| EXERCISE GOAL |
Transcribed word for word, the lines below from the one with "Danse du Tambourin" through the last line of the records form the answer; no picture is to be included.

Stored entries
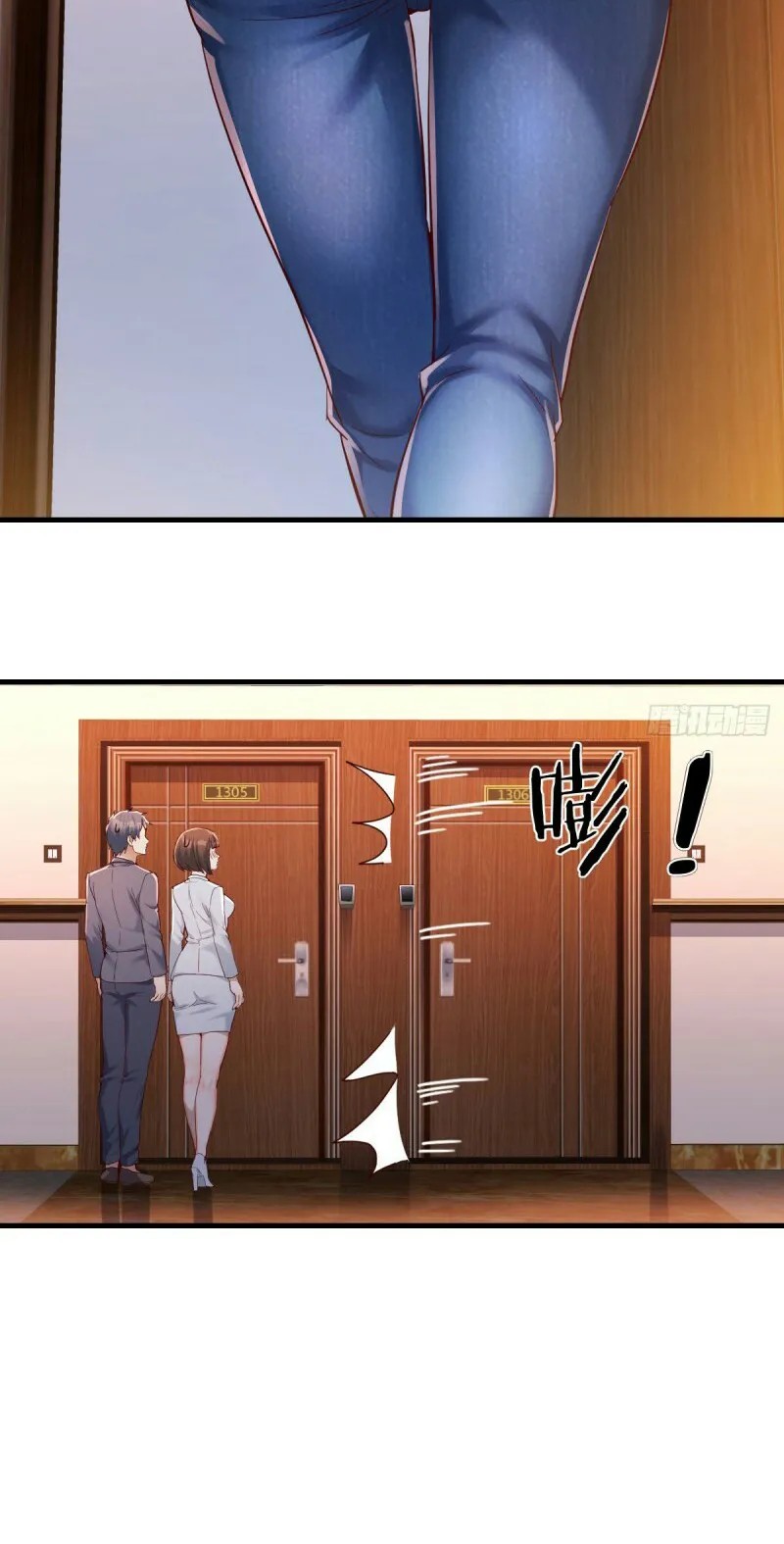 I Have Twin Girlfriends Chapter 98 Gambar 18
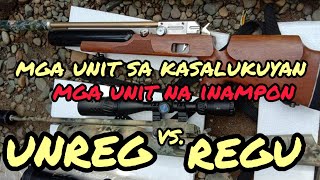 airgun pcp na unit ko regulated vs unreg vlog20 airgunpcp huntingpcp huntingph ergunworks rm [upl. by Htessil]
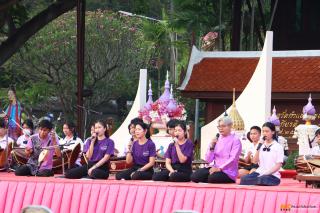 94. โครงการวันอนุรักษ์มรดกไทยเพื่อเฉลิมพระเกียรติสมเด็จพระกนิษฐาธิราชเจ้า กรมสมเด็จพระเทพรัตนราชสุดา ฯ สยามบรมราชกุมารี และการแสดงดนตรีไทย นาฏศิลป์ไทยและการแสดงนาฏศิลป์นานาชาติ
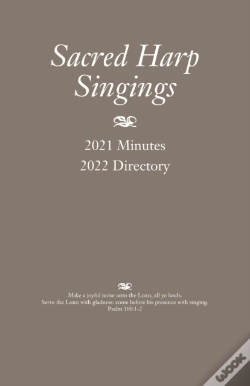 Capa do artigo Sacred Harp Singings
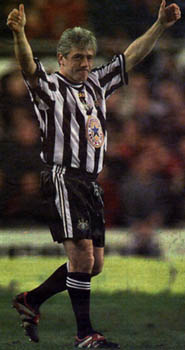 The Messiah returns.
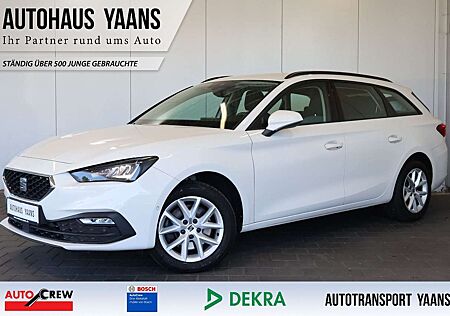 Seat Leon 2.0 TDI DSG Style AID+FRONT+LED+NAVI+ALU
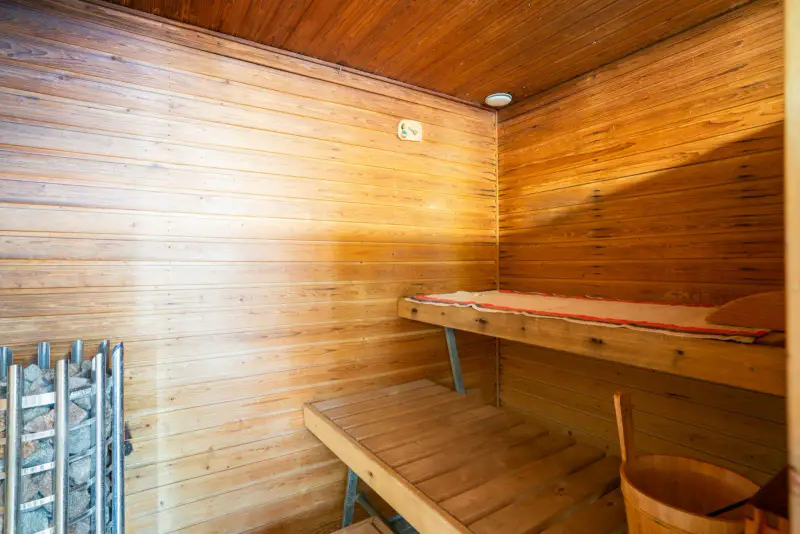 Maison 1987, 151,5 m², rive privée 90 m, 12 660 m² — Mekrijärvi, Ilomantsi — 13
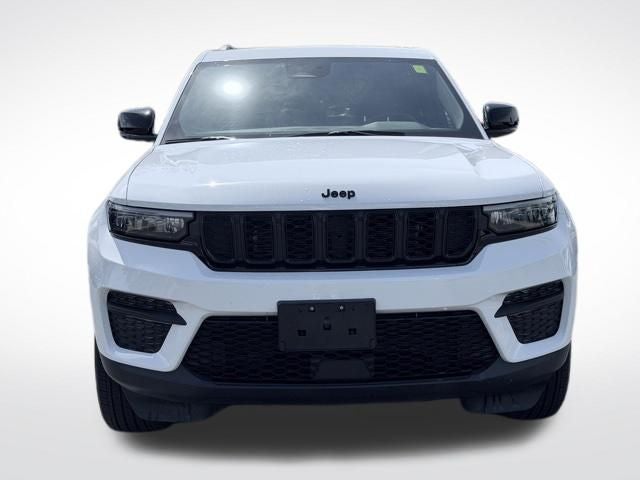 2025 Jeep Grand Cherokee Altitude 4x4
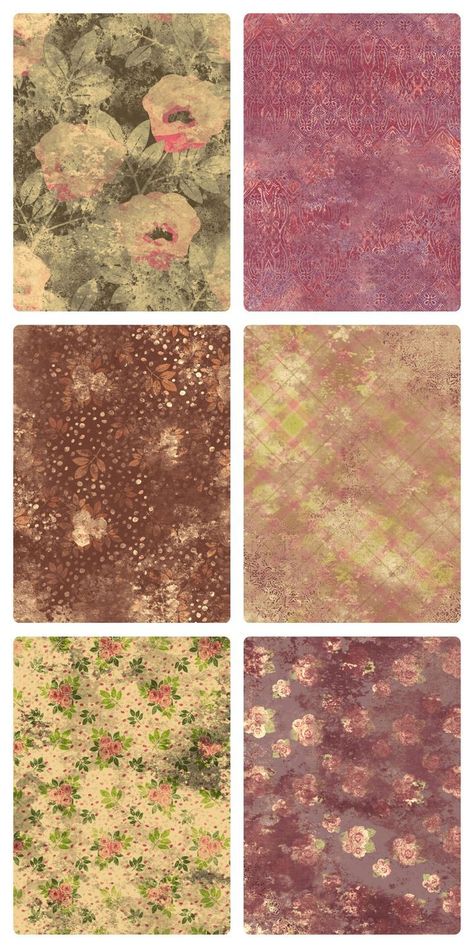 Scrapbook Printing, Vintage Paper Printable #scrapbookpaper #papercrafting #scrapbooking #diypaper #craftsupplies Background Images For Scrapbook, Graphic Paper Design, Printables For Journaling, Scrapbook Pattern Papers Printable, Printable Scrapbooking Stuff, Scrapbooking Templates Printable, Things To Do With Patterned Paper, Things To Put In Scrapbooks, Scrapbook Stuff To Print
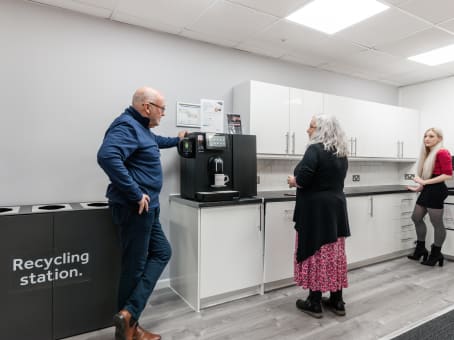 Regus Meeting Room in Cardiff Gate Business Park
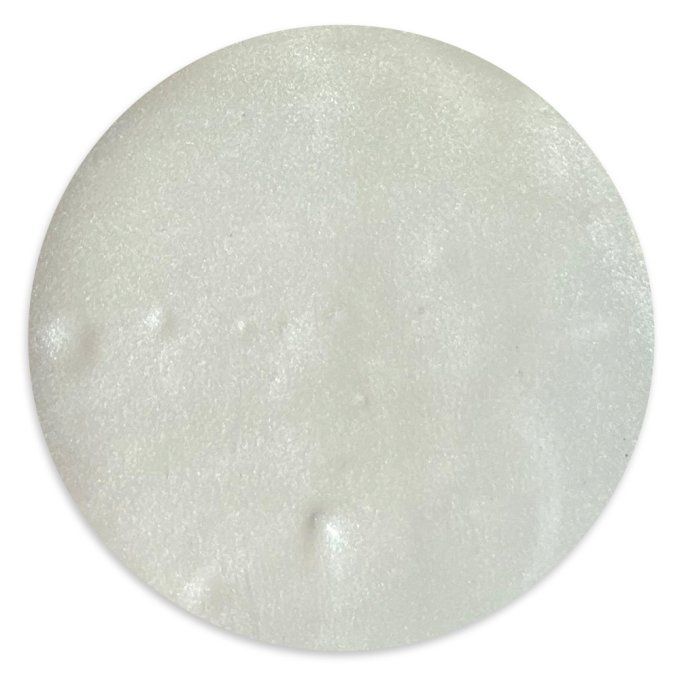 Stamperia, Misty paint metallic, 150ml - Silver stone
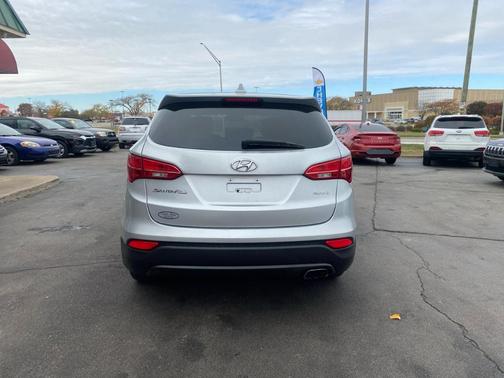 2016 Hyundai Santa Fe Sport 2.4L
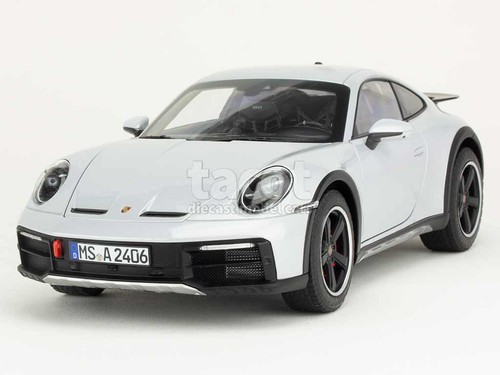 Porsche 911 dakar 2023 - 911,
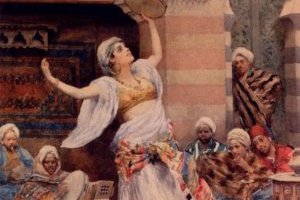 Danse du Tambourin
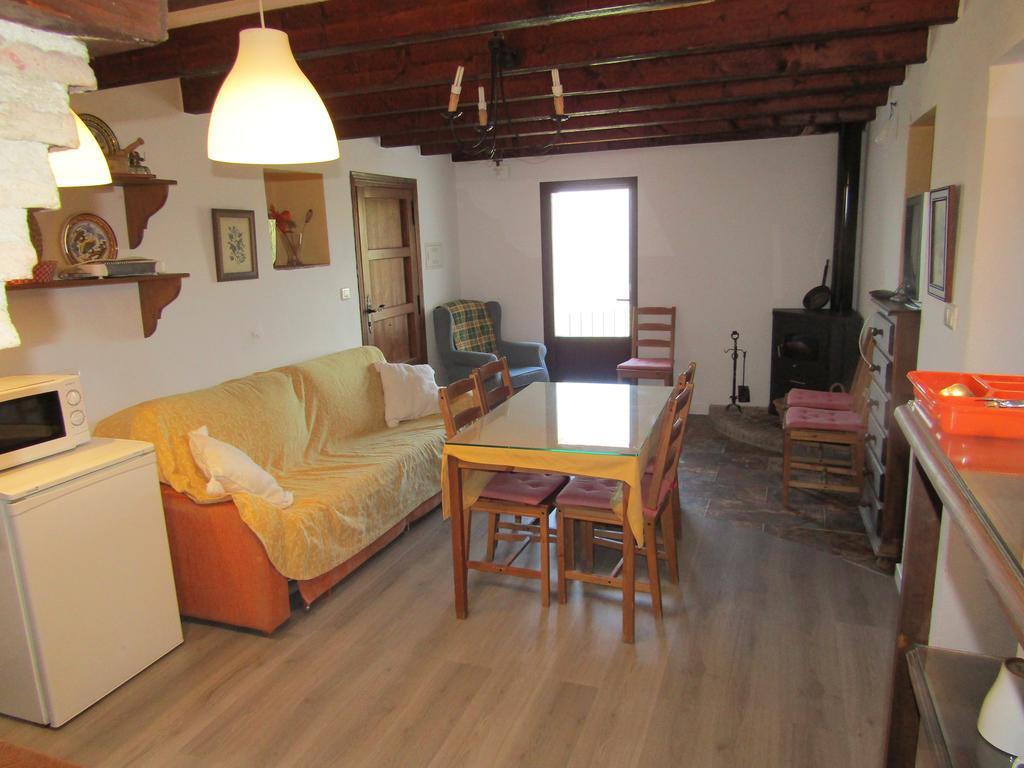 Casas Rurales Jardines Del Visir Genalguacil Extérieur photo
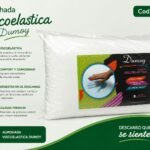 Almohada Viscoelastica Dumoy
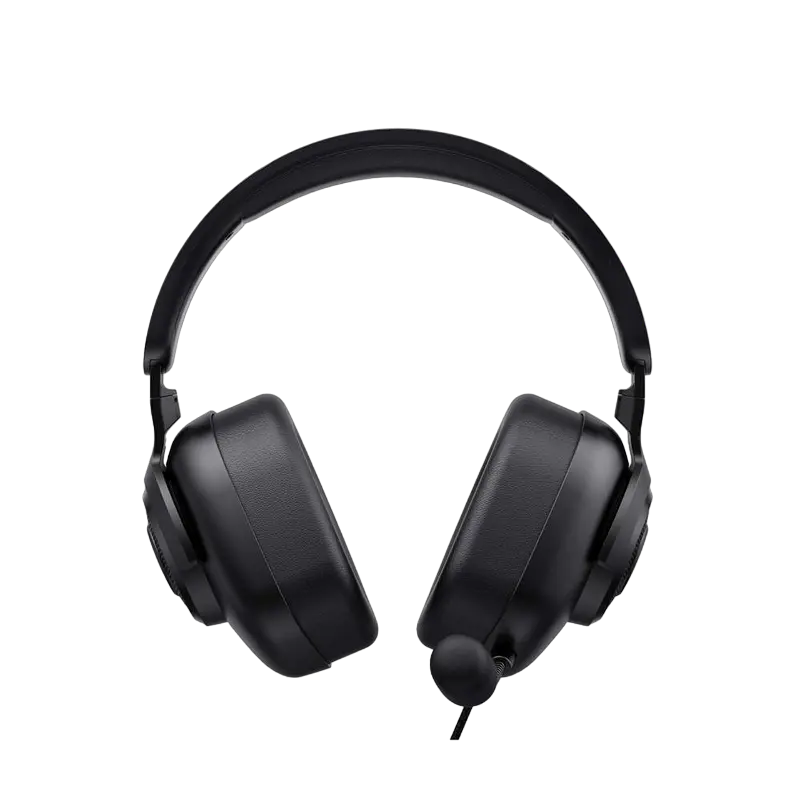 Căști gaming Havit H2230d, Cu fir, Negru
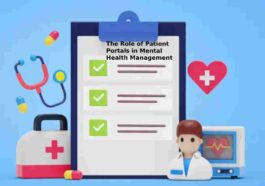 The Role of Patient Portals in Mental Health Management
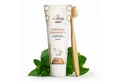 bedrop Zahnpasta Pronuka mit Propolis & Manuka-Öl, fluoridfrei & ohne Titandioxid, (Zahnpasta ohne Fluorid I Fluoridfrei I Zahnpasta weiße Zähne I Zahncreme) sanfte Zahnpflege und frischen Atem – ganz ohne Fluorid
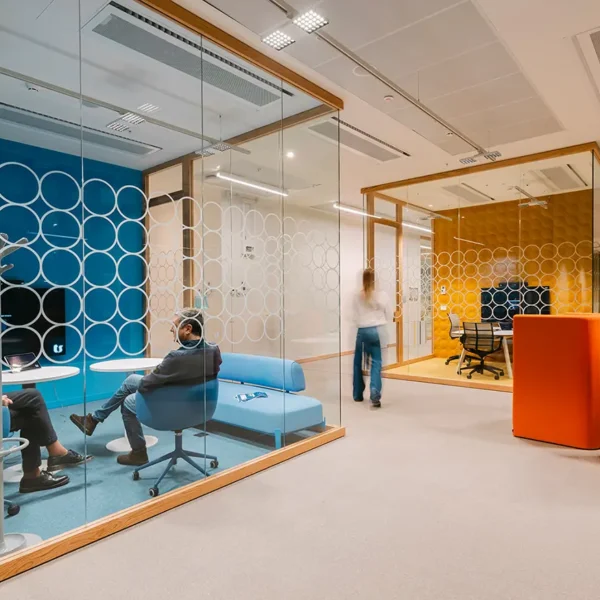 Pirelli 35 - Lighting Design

| EXERCISE SOLUTION |
 Danse du Tambourin
 Casas Rurales Jardines Del Visir Genalguacil Extérieur photo
 Almohada Viscoelastica Dumoy
 Căști gaming Havit H2230d, Cu fir, Negru
 The Role of Patient Portals in Mental Health Management
 bedrop Zahnpasta Pronuka mit Propolis & Manuka-Öl, fluoridfrei & ohne Titandioxid, (Zahnpasta ohne Fluorid I Fluoridfrei I Zahnpasta weiße Zähne I Zahncreme) sanfte Zahnpflege und frischen Atem – ganz ohne Fluorid
 Pirelli 35 - Lighting Design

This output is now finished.